The competition commission will assess anti-competitive behaviour in specific construction markets and possibly launch a formal investigation into the sector.
This emerged at a competition commission bid-rigging workshop yesterday.
It became apparent the commission had received at least one application for corporate leniency following an initial overview of competition concerns in the sector.
The commission’s corporate leniency policy offers total or partial immunity to cartel members that assist in identifying and prosecuting cartels.
Simon Roberts, chief economist at the commission, said it had assessed the major building materials and products because of the high rates of price increases, recent international bid-rigging and cartel cases, and South Africa’s major infrastructure investment programme.
This assessment revealed that the price of materials used in building and construction had increased by 80 percent over the past seven years.
This was compared with the rise in the producer price index (PPI) of 60 percent for all commodities in the same period.
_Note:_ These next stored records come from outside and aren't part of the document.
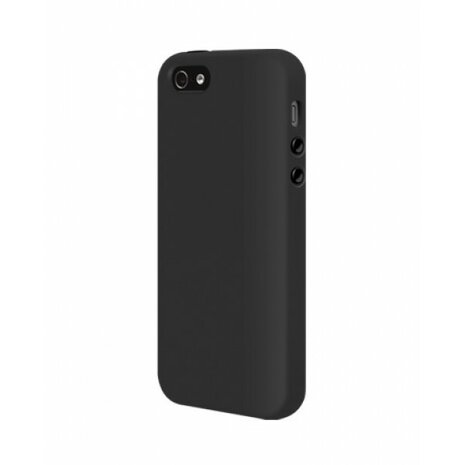 SwitchEasy Colors Stealth Black voor iPhone 5 / 5S / 5SE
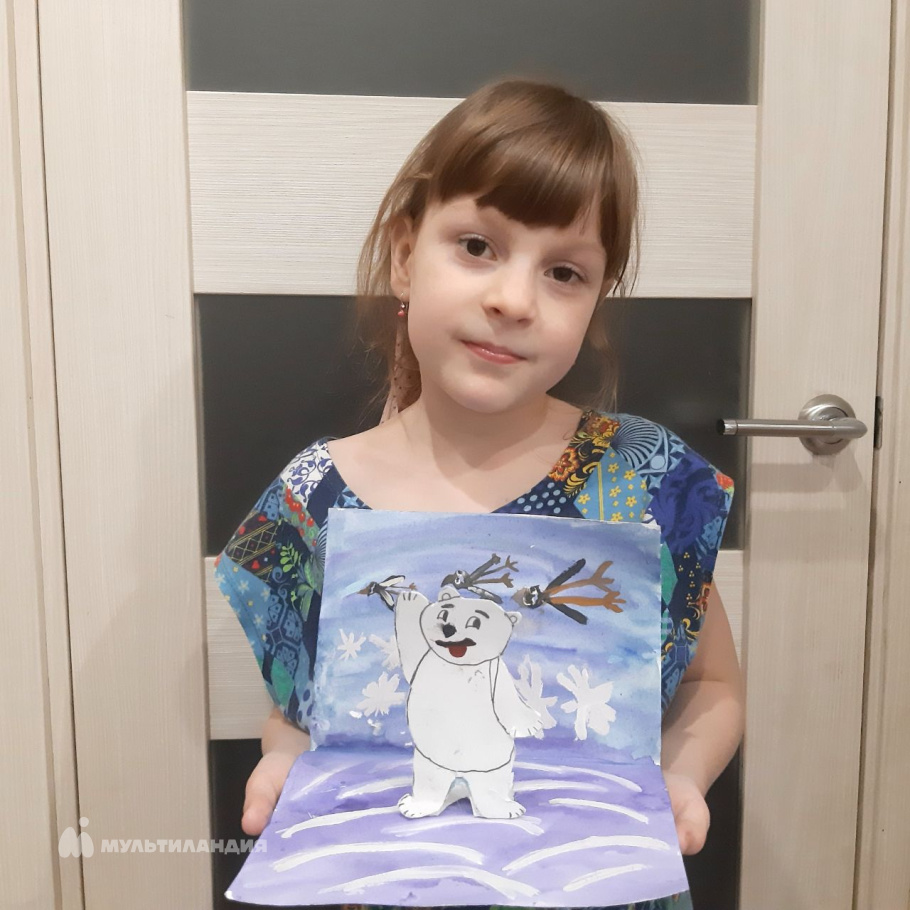 Бушняк Елизавета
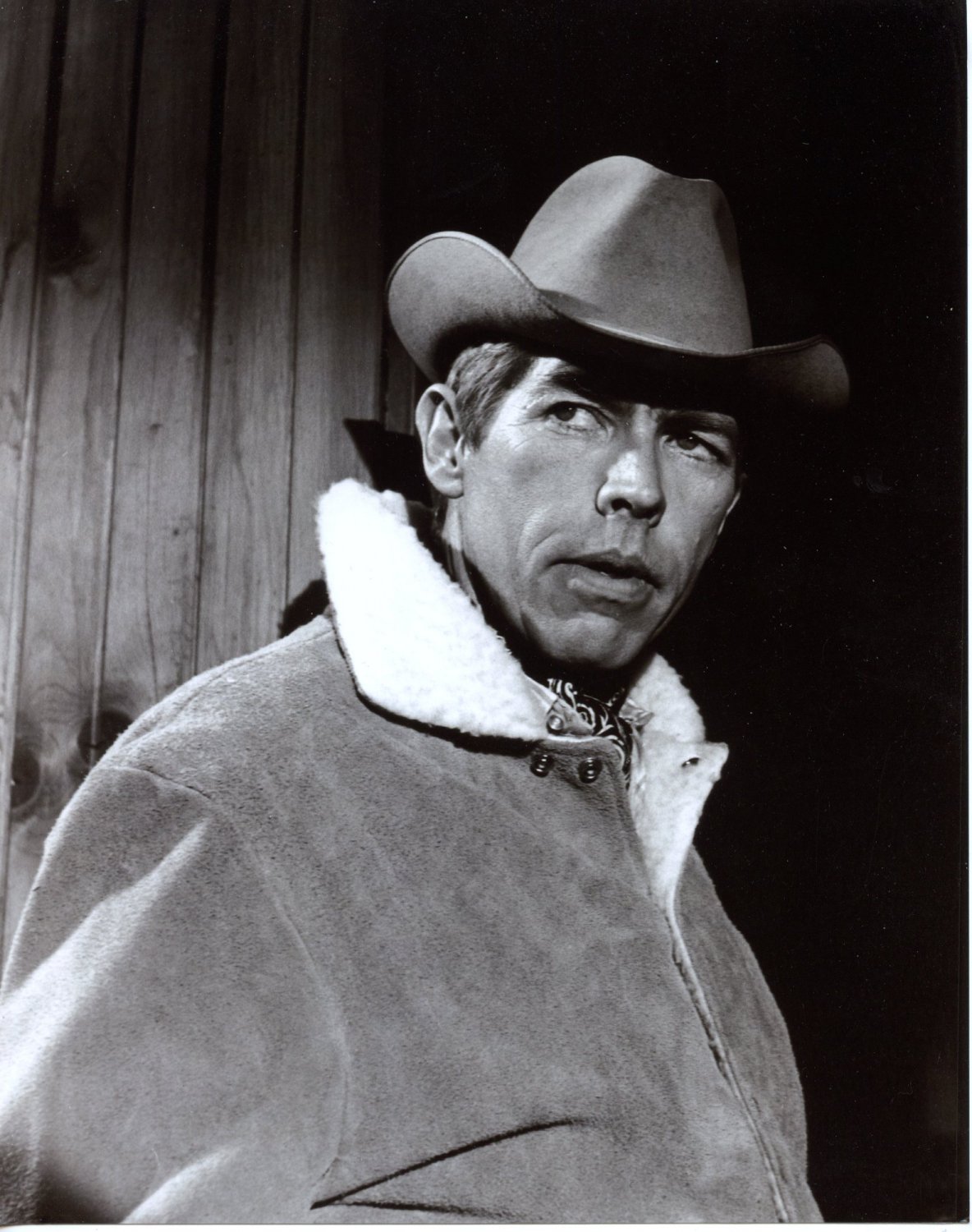 James Coburn 8x10 glossy photo #W8501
Stock and face bricks, sand, aggregates, ordinary and extended cement, retail cement, reinforcing steel, sheet and galvanised steel, tin plate and steel tubes, pipes and fittings were identified as the “big products of concern” because of price increases consistently above PPI inflation.
Roberts said the price of bricks had consistently increased each year by between 10 percent and 12 percent.
Reinforcing steel prices had increased by 120 percent, while the price of cement had almost doubled. “There have been consistently high rates of price increases in many products,” Roberts said.
“This is inflating the cost of the public infrastructure programme. It impacts on private investment, including residential housing, and the high prices of inputs impact negatively on the competitiveness of firms fabricating further value-added products where South Africa could be competitive.”
David Matlou, the president of the SA Clay Brick Association, said a good deal of clay brick production was family owned but the industry tended to be very price competitive.
Price increases reflected demand but there had been a lot of volatility in pricing in the past three or four months because of the interest rate hikes, which had reduced demand and left producers sitting with excess stock, he said.
John Gomersall, the chief executive of listed cement and lime producer Pretoria Portland Cement, said returns from the industry were previously unacceptable, capacity was not being used and cement was “the ultimate commodity”, because there was demand power, not supplier power.
Gomersall said producers needed to justify their expenditure. The only reason a new producer was entering the local market was because of the prevailing cement prices and there were acceptable returns to be made.
Gomersall confirmed that cement price inflation had been higher than PPI inflation but stressed that the average rail cost increase on cement going out to customers from next year was 13 percent.
“For the past two years, industry statistics show that only 1 percent of the cement going out from the industry to customers was by rail, because rail cannot compete with road [transport],” he said.
“These things come and go in cycles, from excess capacity to excessive demand. It will swing again as demand cools,” said Gomersall.